The crimes happened in November and December 2018, as well as November 2019, as the men entered the restricted areas before daylight and left after dark.

In their plea deals, the men admitted they crawled under a high-wire fence that was clearly marked “off-limits” and restricted access to the impact training area of the military base. The land is used for live-fire training.

“No one is allowed in this area because ammunition is routinely detonated and the area has unexploded ordinance,” the court document states.

Based at Fort Riley, the 1st Infantry Division, known as “The Big Red One,” uses its impact area for training on artillery and mortars. It is surrounded by small-arms ranges for pistols, rifles, machine guns and grenades, as well as other training areas.

The artillery target area is about 4,000 acres, or a little more than 6 square miles. The entire impact area is 15,646 acres, or 24 square miles. The entire base is about 101,733 acres, or 159 square miles.

Fort Riley has regulations in place to permit legal hunting in some areas, but the impact area is always off-limits.

But Frikken, Nunley and Smith did not follow the legal process to hunt.

Nunley admitted that he conspired with Frikken “to illegally enter the unauthorized area and hunt deer without possessing the required licenses and permits.” Smith also admitted that he conspired with Frikken.

Smith’s plea deal states that he hunted in the impact area without permission and shot a mature whitetail buck that he took back to New York, where it was later seized by law enforcement. Smith planned to use Angela Frikken’s deer tag, according to the plea agreement.

Smith was sentenced Nov. 9 to $3,500 in restitution, a $2,000 fine and a $35 assessment. Frikken was sentenced Jan. 11 to a $5,000 fine, $3,500 in restitution and a $35 assessment. Nunley was sentenced Thursday to $5,000 in restitution, a $3,500 fine and a $35 assessment.

The restitution money was to go to the Kansas Department of Wildlife, Parks and Tourism’s law enforcement restitution fund. The fine money was to go to the U.S. Fish and Wildlife Service’s Lacey Act reward fund.

All three were also ordered to serve three years of probation, during which they are not allowed to hunt, trap or fish. They are also banned from assisting anyone else with hunting, trapping or fishing during that time.

As part of the plea deals, prosecutors agreed to recommend probation instead of prison. The Lacey Act violations to which the men pleaded guilty carried maximum penalties of a year in prison, a $10,000 fine, a year of supervised release, five years of probation, $10,000 in restitution and a $25 assessment. The trespassing charges had maximums of six months imprisonment, a $5,000 fine and a $10 assessment.

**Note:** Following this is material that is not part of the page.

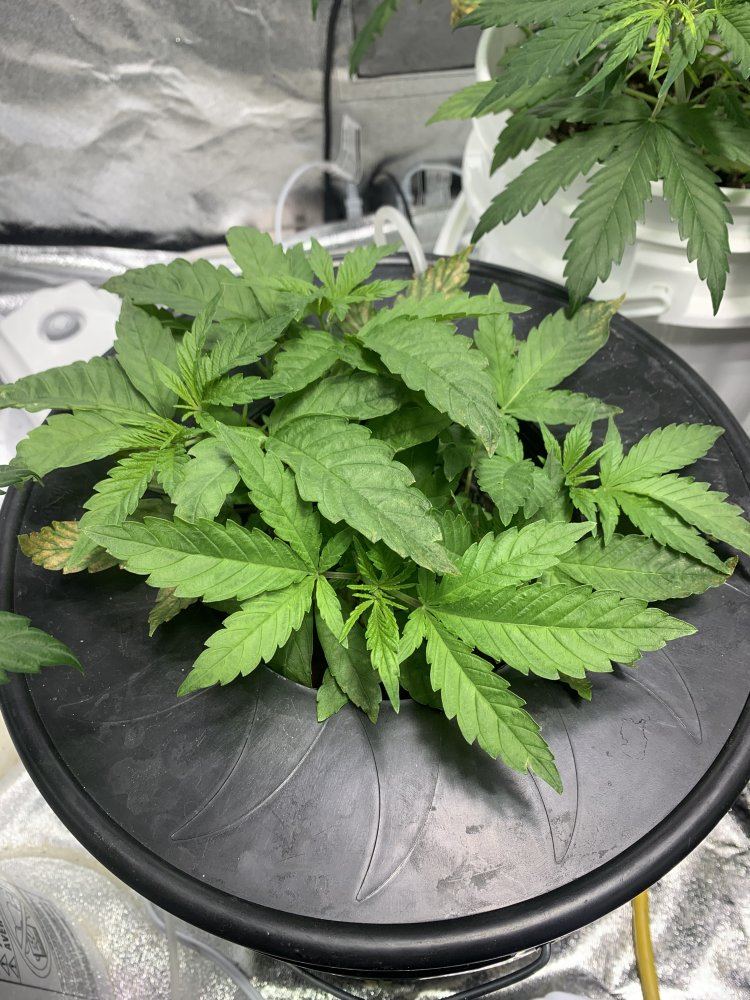 First grow ever 4 bucket dwc 5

The defendants also agreed to forfeit property, including any deer or elk, as well as any sheds or skulls. Prosecutors had previously filed for the forfeiture of various items.

The forfeiture notice in the charging document includes 24 naturally shed elk antlers, 34 naturally shed deer antlers, eight whitetail buck skulls, one bull elk skull and one additional whitetail buck skull. The items were taken from Fort Riley and later seized from Frikken’s home and a business.

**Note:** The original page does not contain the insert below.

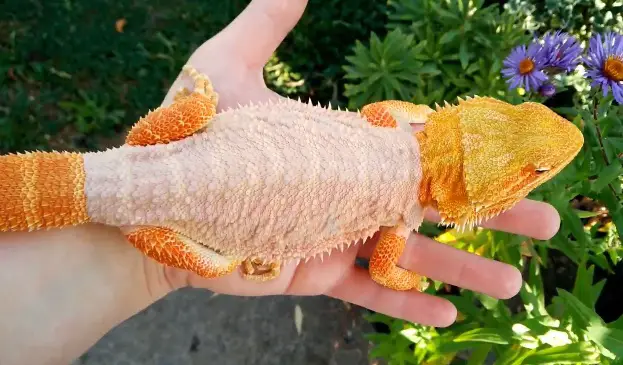 Bearded Dragon Shedding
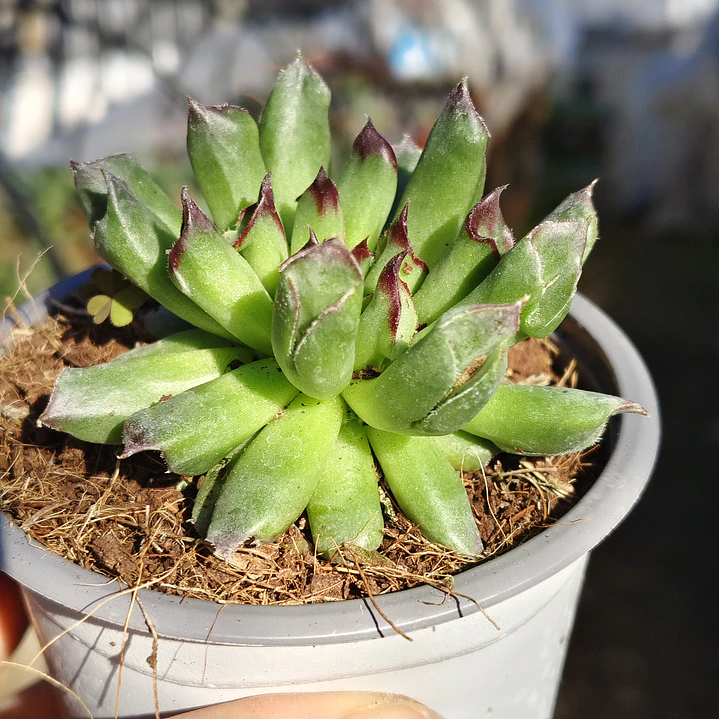 Sempervivum Oddity 3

Items seized from Nunley’s home include a nine-point whitetail deer shoulder mount illegally harvested from Fort Riley in 2015, a second 18-point mount illegally harvested in 2017, a bull elk skull and one naturally shed elk antler. Seized from Smith’s home was a 13-point mount illegally harvested from Fort Riley in 2017.

Additional items seized from someone identified as Z. Chambers were a 13-point mount illegally harvested in 2017 and an 11-point buck skull cap and antlers illegally harvested in 2019. Chambers is not identified anywhere else in the charging document, and no one with that name was charged in the case.